Тяжелая работа — но работа была жизнью. Работа сворачивалась кольцами и вплеталась в дыхание, сон и еду, как рукава сорочек сплетались и перепутывались с лентами ночнушек и воскресными кушаками. Моя мама на склоне лет садилась у стиральной машинки с двумя отделениями — механической уменьшенной копии всех тех архаических сосудов, воротов и подъемников — и доставала свое белье и наволочки из стирки перед полосканием и отжимом теми же деревянными щипцами. У нее был артрит, кости — птичьи, она напоминала сердитую чайку. Мы предложили ей новую машинку с иллюминатором — думали, она сможет понемногу стирать и сушить каждый день, так будет легче. А мама пришла в ужас и беспокойство. Сказала, что будет ощущать себя грязной — ей будет плохо, — если у нее не останется определенного дня стирки. Чтобы убедиться, что она жива и добродетельна, ей требовались пар и помешивание. К концу жизни испачканных простыней становилось все больше, и она сдалась — может, это даже ускорило конец, хотя я думаю, что умерла она не от перенапряжения, а от досады, что уже не может работать вальком или поднимать ведро. Она почувствовала собственную ненужность. У нее была новая белая ночная сорочка, которую она сама стирала, крахмалила, гладила, но никогда не носила. Готовый саван для ее все еще белого тела в гробу, а «Синька Рекитта» теперь сверкала живее, чем усохшая, избитая серая желтизна ее век и губ.

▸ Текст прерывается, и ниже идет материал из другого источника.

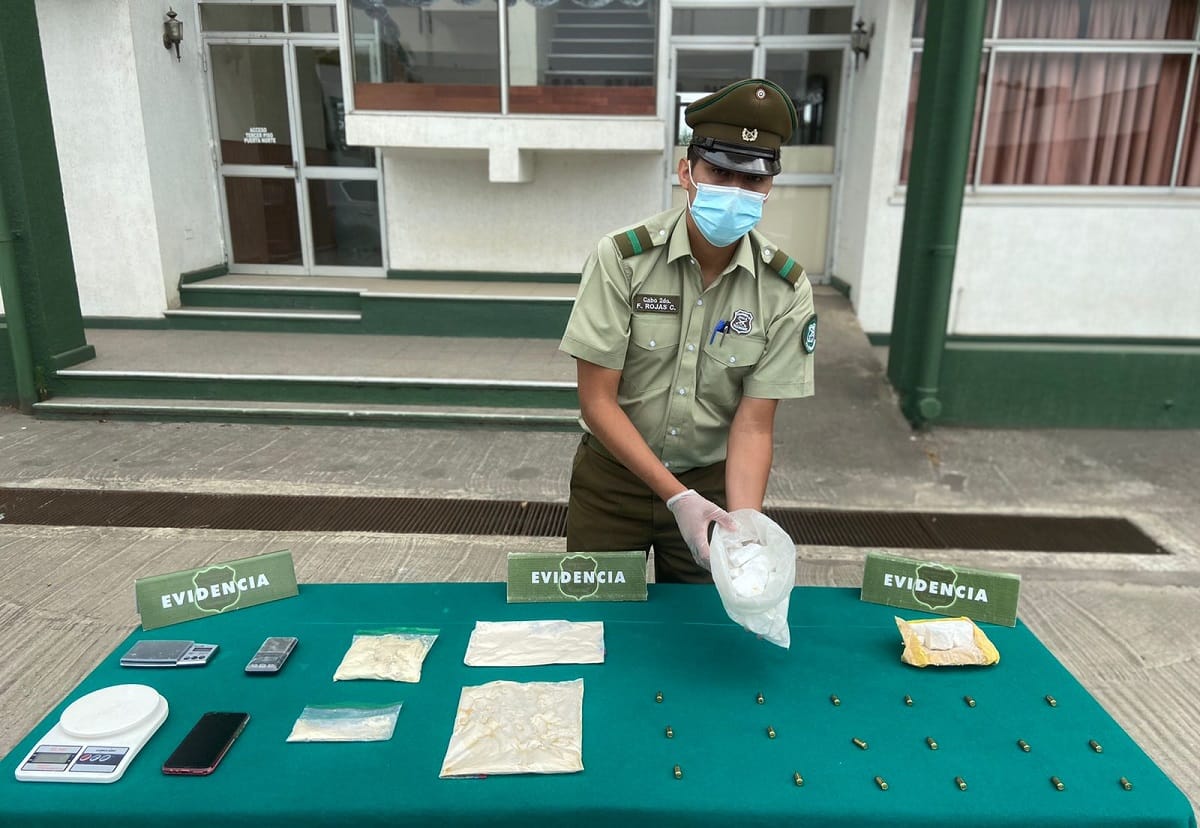 Escondían más de 10 mil dosis de droga en cocina de casa en Chiguayante: Al menos 5 detenidos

Классу творческого письма этот жутковатый этюд о чистоте понравился не больше предыдущего. В свою беспощадную критику они теперь ввели словцо «претенциозно». Джек Смоллетт размышлял — уже не в первый раз, — что во всех взрослых классах есть некий элемент детсадовского вырождения. Верх берет групповое поведение, образуются стаи, выбираются жертвы. За внимание учителя разгорается нешуточная война, а если он проявляет свое пристрастие к кому‑то — то и нешуточная ненависть. Сисели Фокс становилась «учительским любимчиком». В перерывах никто с нею особо не разговаривал и до того, как Джек начал восхищаться ее творениями, но теперь ее приветствовали просто ядовито и надменно.